Supplied information ->
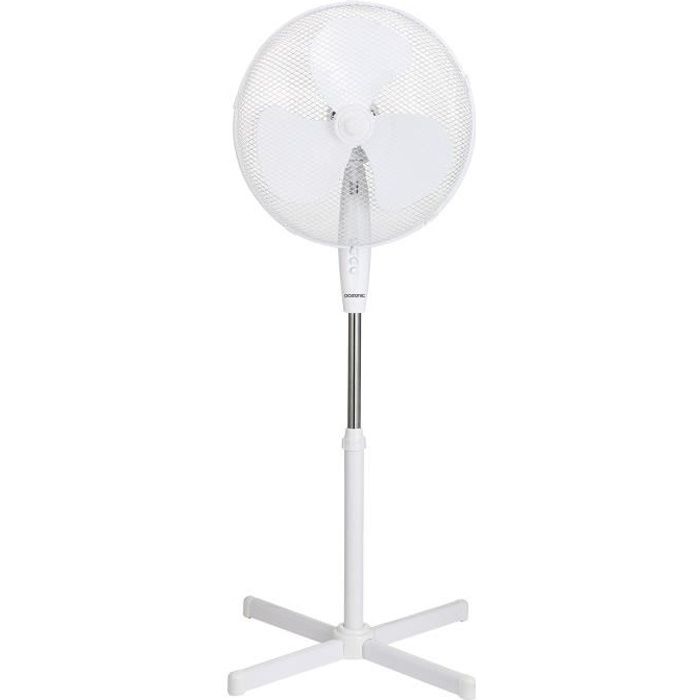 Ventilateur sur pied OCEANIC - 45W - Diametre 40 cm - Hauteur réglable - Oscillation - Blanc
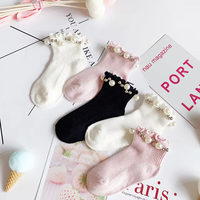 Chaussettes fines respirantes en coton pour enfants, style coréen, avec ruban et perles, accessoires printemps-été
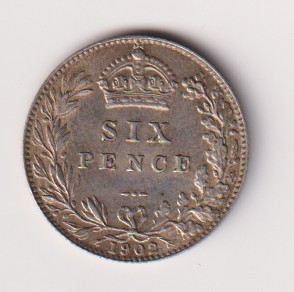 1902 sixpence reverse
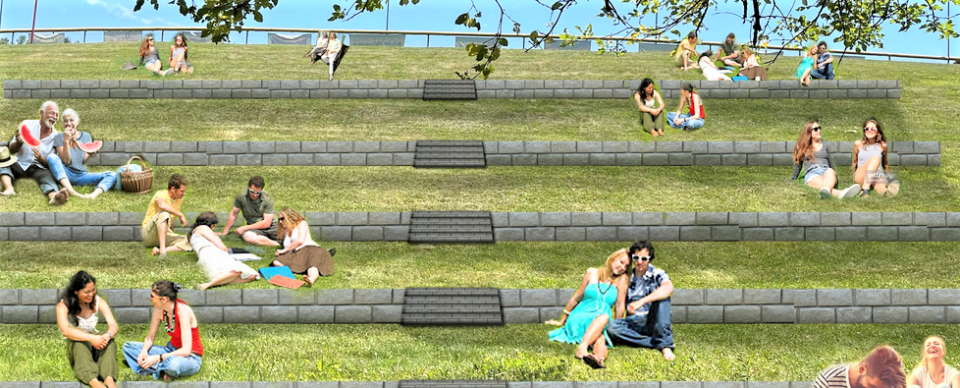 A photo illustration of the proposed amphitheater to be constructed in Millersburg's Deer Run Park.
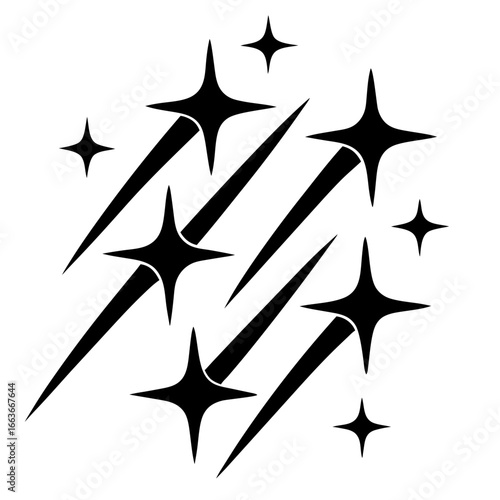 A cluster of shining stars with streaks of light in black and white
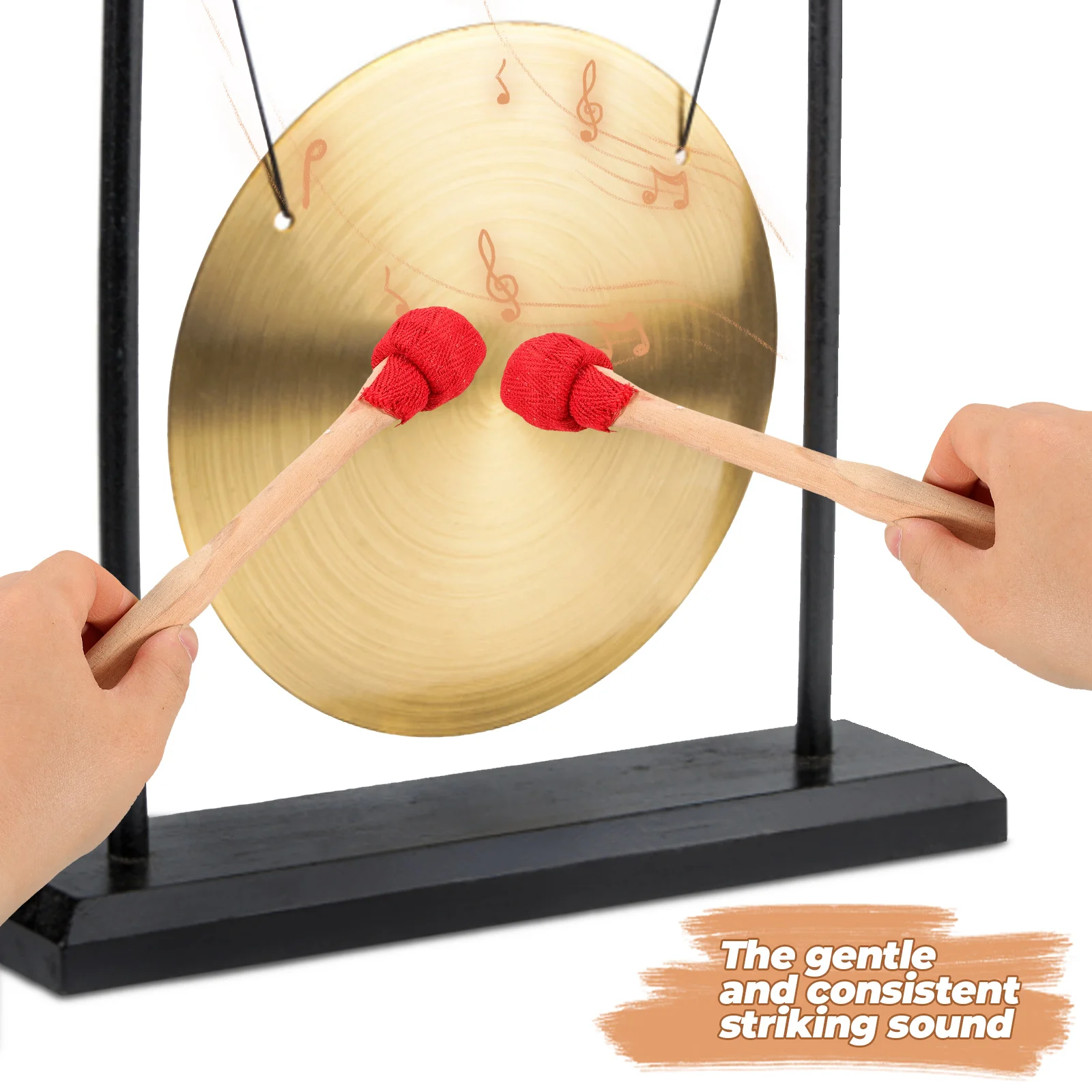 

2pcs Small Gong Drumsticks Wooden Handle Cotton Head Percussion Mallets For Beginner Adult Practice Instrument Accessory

Your task -> An exact copy is needed of the lines running from the one containing "A photo illustration" through the last line of the material, and of no others; pictures stay out.

Result of this exercise ->
 A photo illustration of the proposed amphitheater to be constructed in Millersburg's Deer Run Park.
 A cluster of shining stars with streaks of light in black and white

2pcs Small Gong Drumsticks Wooden Handle Cotton Head Percussion Mallets For Beginner Adult Practice Instrument Accessory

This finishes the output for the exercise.